The purpose is to provide confidence to stakeholders that the Node Operator is effectively managed, to enable them to understand the overall goals, and to show operational strengths, and plans to address perceived weaknesses and strategic threats.
🔗 The Node Operator MUST have documented Incident Response Plans corresponding to all risks identified in this specification
🔗 The Node Operator MUST have documented Disaster Recovery Plans corresponding to risks identified in this specification that lead to destruction of crucial data or loss of assets
🔗 Incident Response Plans and Disaster Recovery Plans MUST include revising the relevant plans whenever they are activated, based on lessons learned
This covers both responses to real incidents and Simulated activation, or Pre-mortems.

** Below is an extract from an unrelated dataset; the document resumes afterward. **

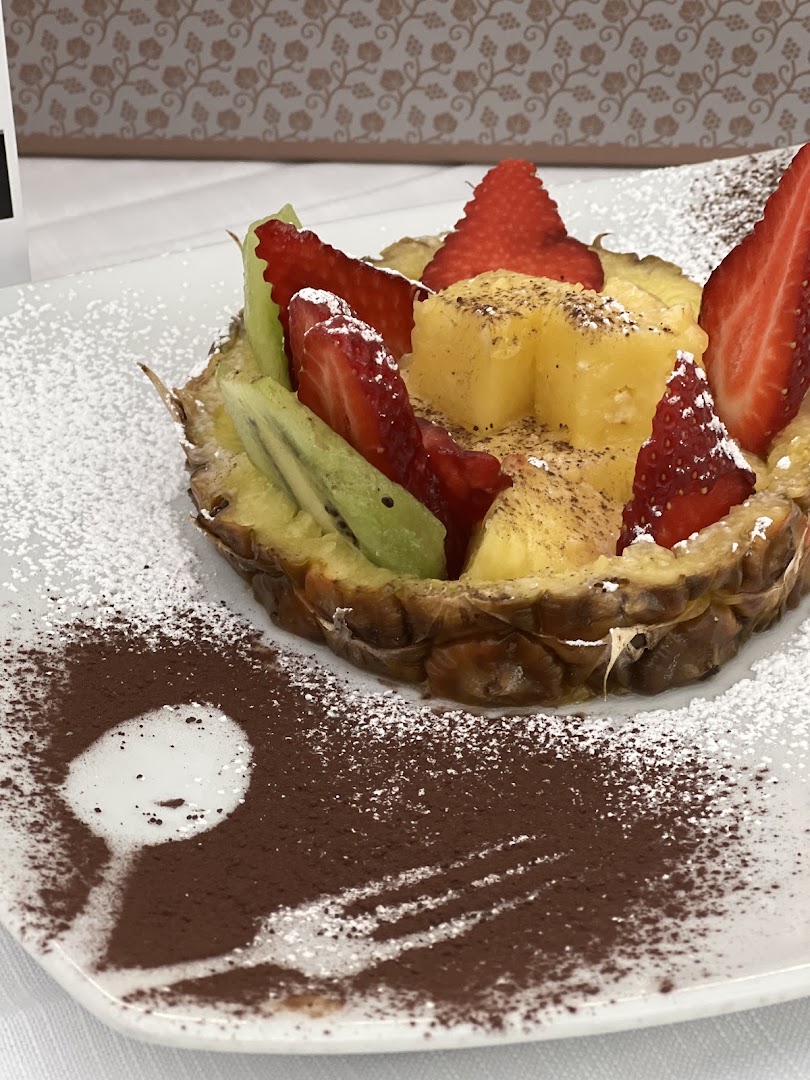 Ristorante Pizzeria Cherì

🔗 Node Operators MUST perform a simulated Incident and activation of the associated Incident Response Plan or Disaster Recovery Plans at least twice per year
🔗 Node Operators MUST document Incident Communication strategies or policies
This requirement includes internal and external communication, both during and after incidents.
🔗 Node Operators MUST verify that third parties providing services, or with whom the Node Operator contracts, are in compliance with relevant standards (including this one) and regulations
This includes areas such as the uptime guarantees of cloud providers and other core counterparties, response times and Service Level Agreements, security procedures, and the like as well as relevant regulatory compliance.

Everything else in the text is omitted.